Can anyone speak to usecases for submodules that arent better served by your language’s package manager? Multi-language codebases, languages without appropriate package management perhaps?
Submodules are great for projects where your code depends on upstream Git repos that you don't control and don't want to vendor yourself.
I recently did an embedded Linux design that depended on 5 external repositories: one from Yocto, three from OpenEmbedded, and one from a CPU vendor. My own code just sat on the top of this set of repos.
Submodules made that design very simple. One repo with all of my code in it, and submodules for all external repos. All dependent repos were pinned before of how submodules work. Pins were easy to update when desired, and never move on their own.
Isn't that because you didn't have a good package manager to handle these? If you have a package manager that allows you to add packages from Git repos, why would you use submodules?

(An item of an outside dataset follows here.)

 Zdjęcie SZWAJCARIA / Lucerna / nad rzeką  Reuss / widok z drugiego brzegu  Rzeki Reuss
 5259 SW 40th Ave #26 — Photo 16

We use a submodule in https://github.com/uber/h3-py to wrap the core H3 library, which is written in C. Submodules seemed like a reasonable way to handle the dependency, and, at least for this use case, the approach hasn't given me any problems.
The latter had been an issue for me in the past with some projects that just weren't packaged for, e. G., python and had to be imported directly. It can also be helpful for non-packaged assets that are held in a separate git repository.

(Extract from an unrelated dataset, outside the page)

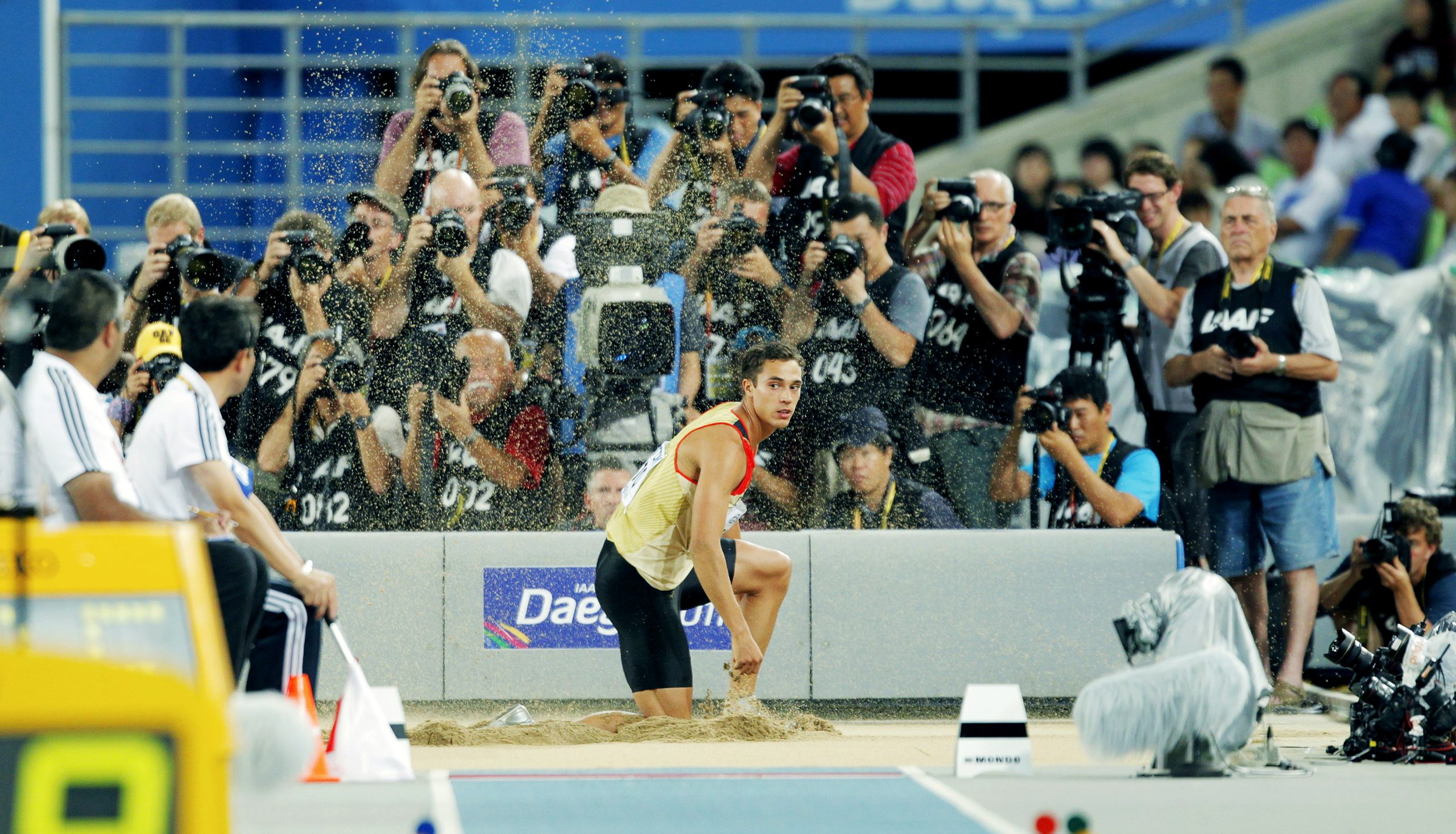 Bei der Leichtathletik-WM 2011 in Daegu (Südkorea) nutzte Wolfgang Birkenstock eine Gelegenheit und erwischte von der Anlaufbahn aus diesen Sprung von Sebastian Bayer.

This is where I use them. I have some Rust bindings to C++ code, and that C++ code lives in my repo as a submodule. Everyone seems to hate submodules I guess because of the surprising behavior described in the post, but for my use case they've been completely fine.
Two of the largest tech companies in the world, Google and Meta, had to roll custom VCS for their day to day engineering operations because git and git submodule were so unsuitable. The default pack file behavior of git is completely unsuitable for a rapidly releasing company with a monorepo. You don’t want or need the entire history — you just want a few recent commits. You do want some visibility into what your coworkers are up to so you can prevent merge conflicts before they happen (centralization is good!). You probably only need part of the tree, not the entire thing.
If you go back and watch Linus’ talk at Google regarding git, he’s basically describing (unknowingly) why Google needs to not use git for its day to day. Even on a smaller scale, Android (AOSP) had to create a meta tool for git called git-repo to handle its source tree. Git submodule failed there.
> Two of the largest tech companies in the world, Google and Meta, had to roll custom VCS for their day to day engineering operations because git and git submodule were so unsuitable.
Where did you get that from? Sources?
Google rolled their own VCS, because Google is older than Git, and they needed something that works. Their custom VCS is a hacked up version of Perforce.
By the time Git came around, Google was already pretty much committed to their in-house custom tool, too many things relied on it.
Git submodules aren't really intended for that use-case in the first place. They're not really intended to model a mono-repo at all, more a relationship between repositories that have their own histories.
The main thing that has been developed in git to allow very large repos is shallow clones (both in terms of history and slices of the repo). This model works well enough within git's logic, but it's just historically not been focused on until fairly recently (and I don't really know what the state of play is there - I think there's still a limit at a certain scale where simply finding the state of play of a large checkout becomes a bottleneck, and you start to want a persistent daemon to use FS notifications to keep track of what's changed instead of stat()ing every file in the tree)
(I've often pondered if it would be possible to make a DVCS where there's no firm repo boundary at all, i.e. you could construct a checkout from any combination of trees and commits stored in different locations, and have it work seamlessly. There's probably more than a few thorny issues in there, but it would be an interesting concept)
Every "language package manager" with a lock file format and requirements file, is an inferior, ad hoc, formally-specified, error-prone, incompatible reimplementation of half of Git.
Almost every use case for a package manager is better served by Git, whether you choose to use submodules or not. If you want to do version control, use the version control system, and stop trying to do an end-run around the way it works.
Previously:
> I'm happy to criticize NPM the tool. The whole thing is designed as a second, crummier version control system that lives in disharmony with and on top of your base-level version control system (so it can subvert it). It's a terrible design.
Git only replaces the lock file aspect of package managers, not the version requirement resolution part. (Or the part that tells deals with eg Rust's feature selection, or different build instructions for different operation systems or versions of the language etc.)
> Git only replaces the lock file aspect of package managers
Nope, Git is pretty good about downloading stuff over the network, too. In fact, it's so good at it that many people using a language package manager insist you use Git at some point even when (before) using the package managers. Indeed, there's been a lot of trepidation and gnashing of teeth about whether the places where language package managers download packages from are as reliable/trustworthy as the server where the Git repo for the software project is hosted.
> nothing about eg semantic versioning, or how to resolve different requirements from different libraries
"[…] incompatible reimplementation of _half_ of Git."
You can use git subtree to convert between mono-repo and separate repos, without losing your history. You can even keep both styles up to date concurrently.